Machine learning can broadly be classified into
- - Supervised learning
Regression
Classification - - Others
Clustering - - Unsupervised learning
Reinforcement learning
Recommender systems etc.
Out of the above AML (Amazon Machine learning) currently only supports Regression and Classification. Within regression and classification AML currently only uses Linear Regression (squared loss function + SGD) and Logistic Regression (logistic loss function + Stochastic Gradient Descent (SGD)) algorithms. These algorithms are being used since these provide simplicity and scalability for a wide variety of applications.
However, what AWS has done with ML is something that AWS is already very well known for. It has made the interface and the process really straight forward. All you need to focus on data collection (which arguably is most important part of any ML process) and rest of it AWS takes care of automatically. So as long as you can provide a valid dataset AWS will:
- Carry out mean normalization
- Data splitting into training and test dataset. In fact if you wish to split dataset in Train | Cross validation | Test set even that is possible.
- Evaluate models and use the best ones
- You can easily visualize the dataset before you start the process (And we all know how important it is to visualize and validate your data before you spend lots of time creating model)
So, what all this does is, allows you to focus completely on the problem you are trying to solve and leave the low level details to AWS.
So AWS runs the process in the typical wizard flow and lets you:
- provided the dataset, selected the most appropriate data types and target
- Based on your data set and field types, AWS suggests a useful default, however you get a chance to modify default settings.
- This is where you can tweak with regularization settings
- You can select whether you want to run evaluations on your dataset and how you want to split the dataset for the same.
Based on these steps you can easily generate the model.
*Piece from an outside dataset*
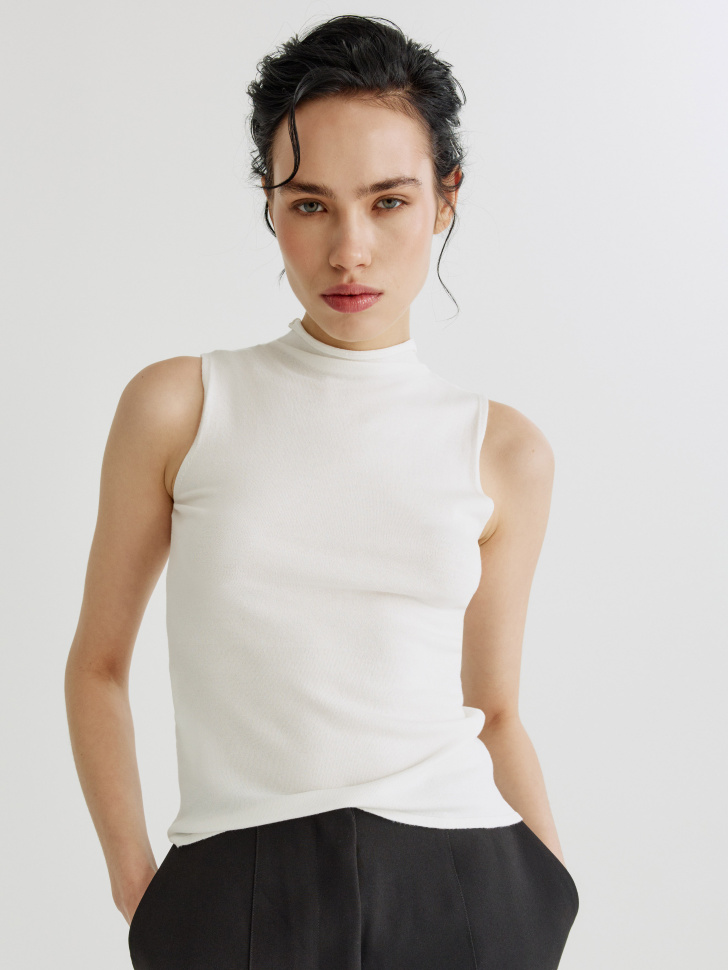 Вязаный топ Sela с высокой горловиной, белый, арт. 39106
The time taken to generate the model will directly be proportional to dataset size.
Once you have generated the Model, you can run evaluation to see how good the model is.
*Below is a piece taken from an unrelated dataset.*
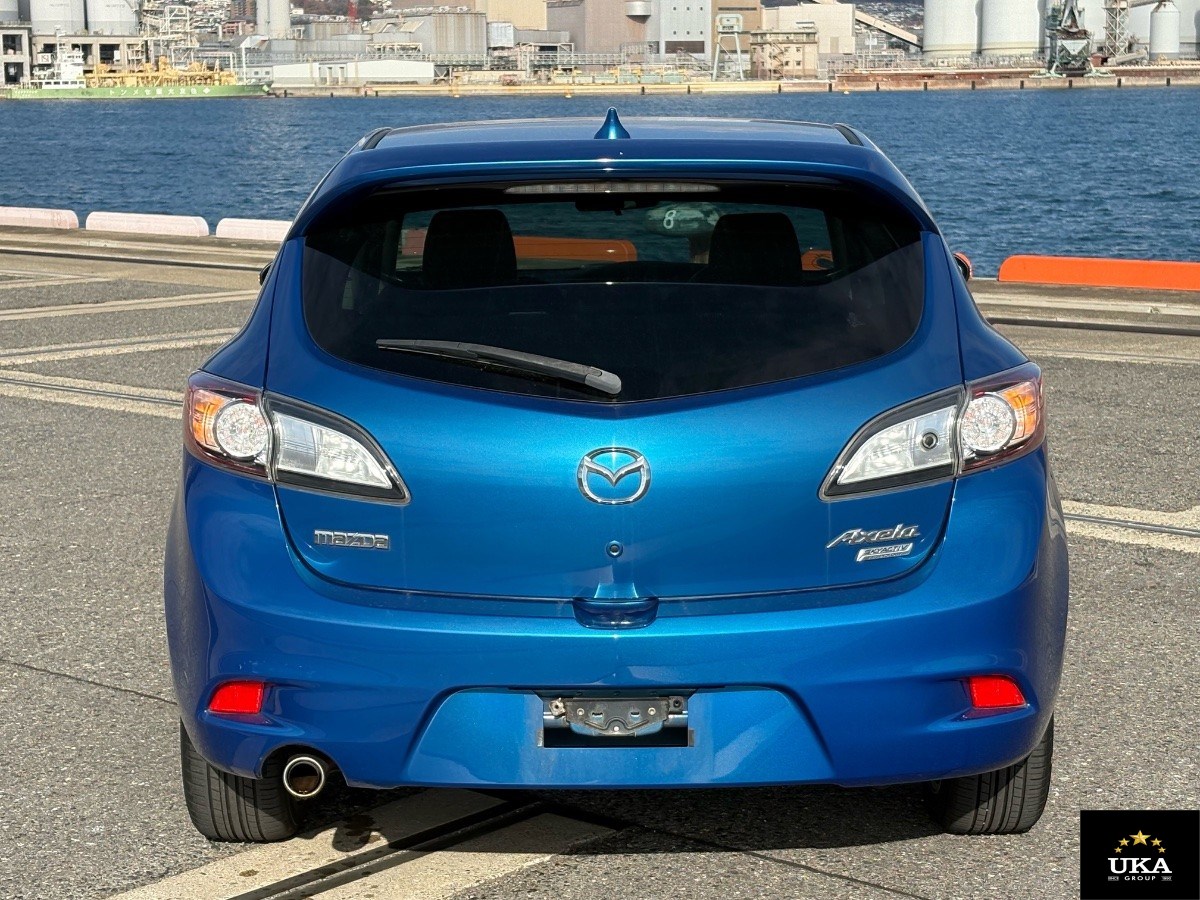 2013 Mazda Axela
It provides a really easy to use interface to select the score threshold, and gives you all the information to decide on what the best threshold should be.
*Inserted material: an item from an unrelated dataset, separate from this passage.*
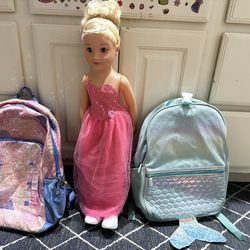 Backpack/doll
Once you have the model setup and you can use it in 2 different ways to use the model:
- You can generate batch predictions, where in you can upload CSV of dataset for which the prediction needs to be made
- You can setup an endpoint for real time predictions which you can use in your applications.
So, I think AWS has simplified the process so much that even someone with limited background in ML can use the system and get started with the process which is a huge plus and is truly a huge step in the direction of using ML as a service. Though there is a lot more that needs to be done, specially something to update the existing model easily with new observations since that will be very common with online model where there is continuous stream of data and user's behavior keeps changing with time.